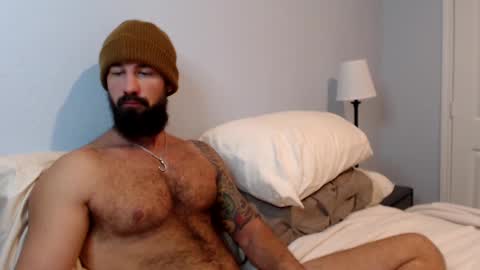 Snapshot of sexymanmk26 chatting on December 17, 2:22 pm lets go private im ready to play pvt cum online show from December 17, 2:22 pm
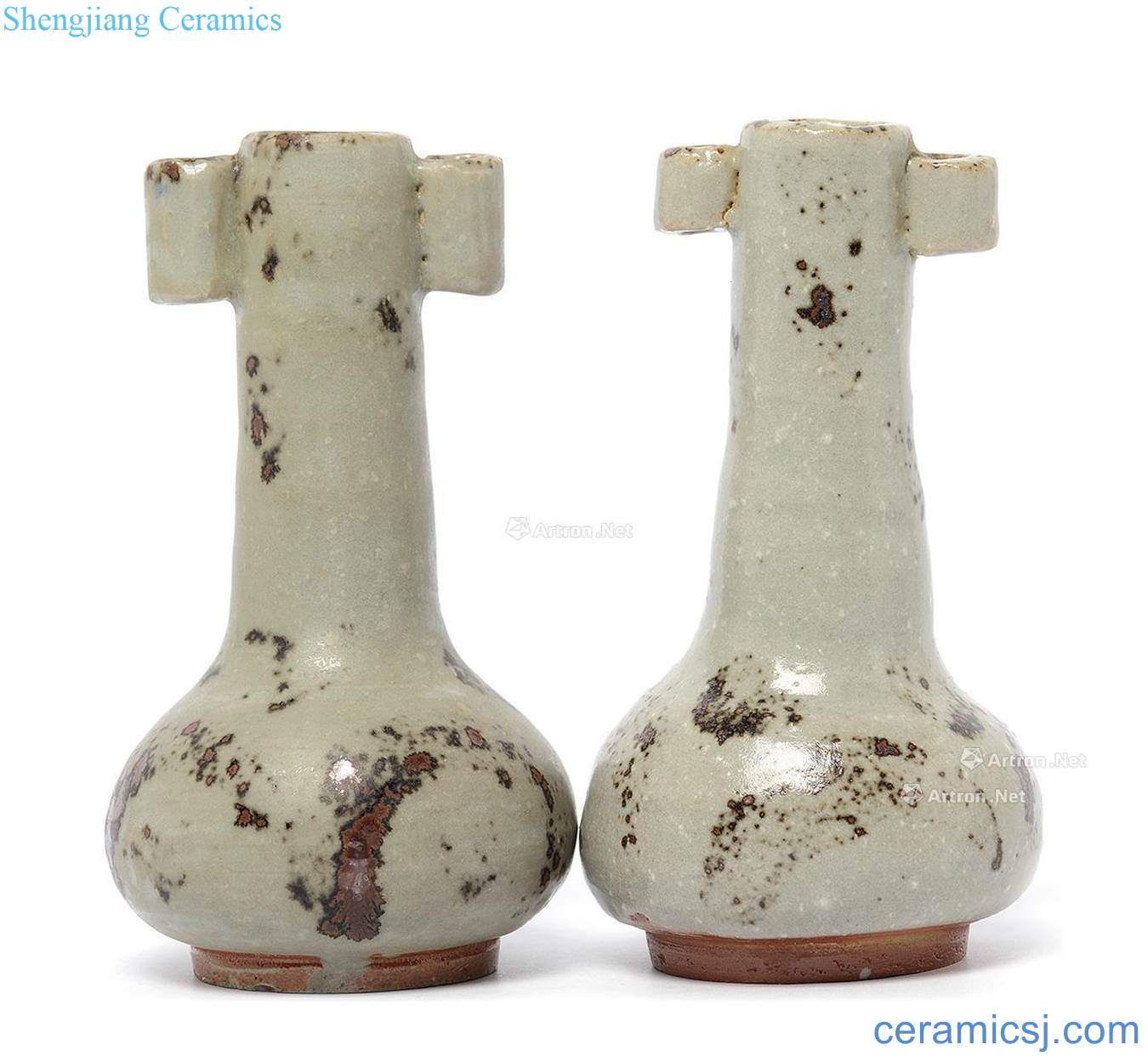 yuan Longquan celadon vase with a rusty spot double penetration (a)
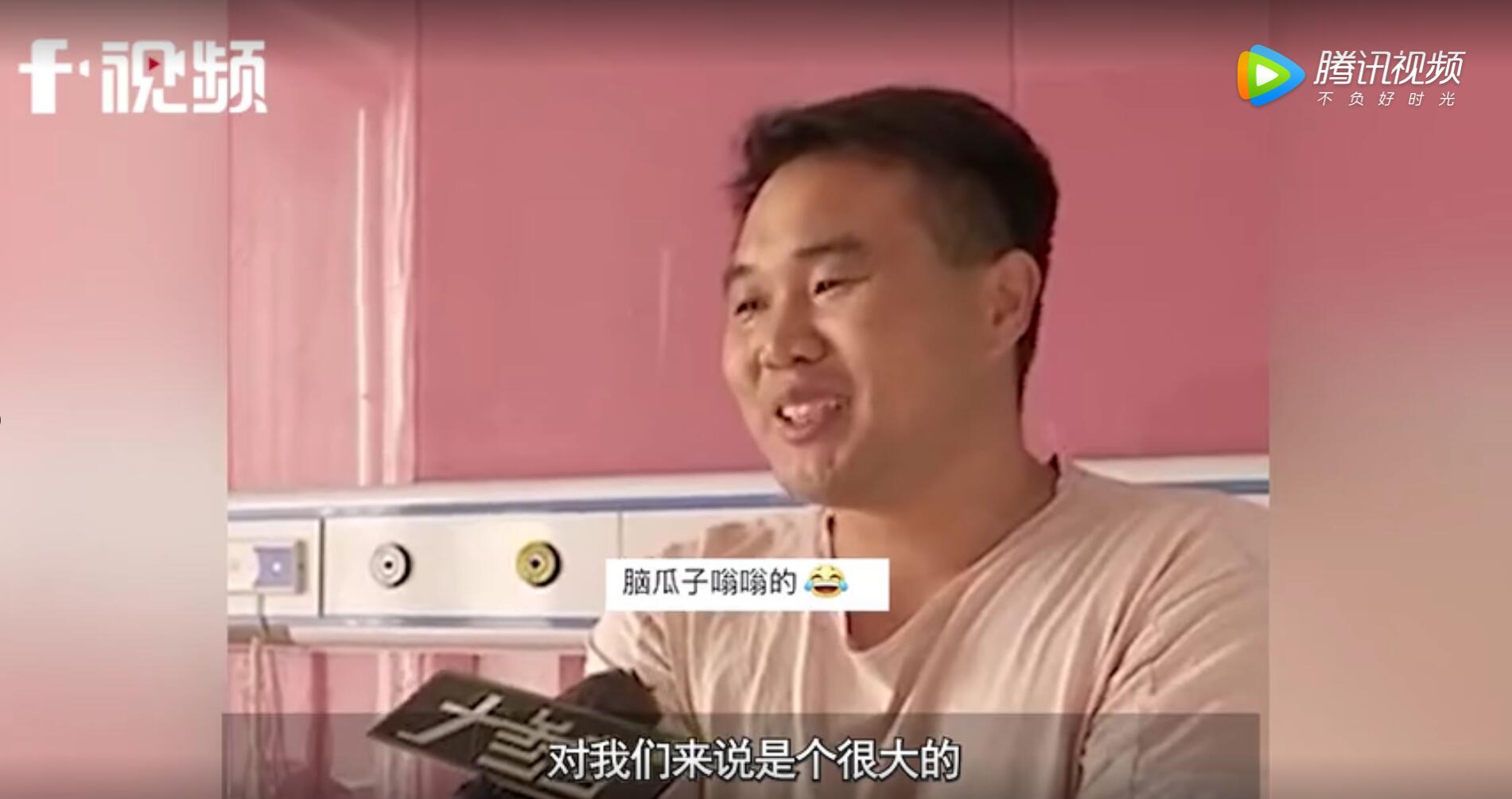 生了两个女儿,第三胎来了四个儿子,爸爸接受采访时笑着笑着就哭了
• • •
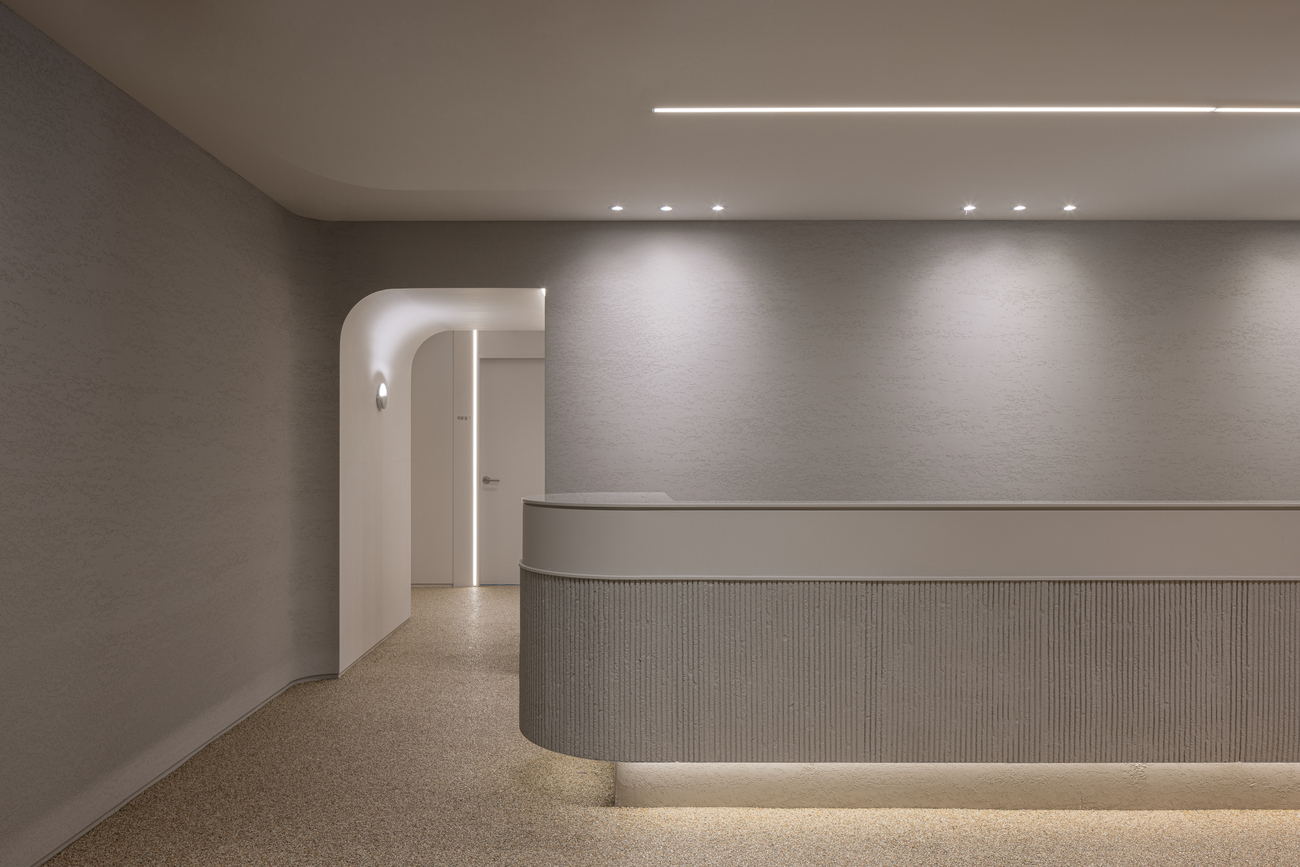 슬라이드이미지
• • •
-- PROBLEM TO SOLVE --
Exactly reproduce the lines above, starting at the one that contains "yuan Longquan celadon" and ending at the one that contains "生了两个女儿,第三胎来了四个儿子,爸爸接受采访时笑着笑着就哭了", both inclusive; leave the pictures out and add no other lines.

-- RESPONSE TO THIS TASK --
 yuan Longquan celadon vase with a rusty spot double penetration (a)
 生了两个女儿,第三胎来了四个儿子,爸爸接受采访时笑着笑着就哭了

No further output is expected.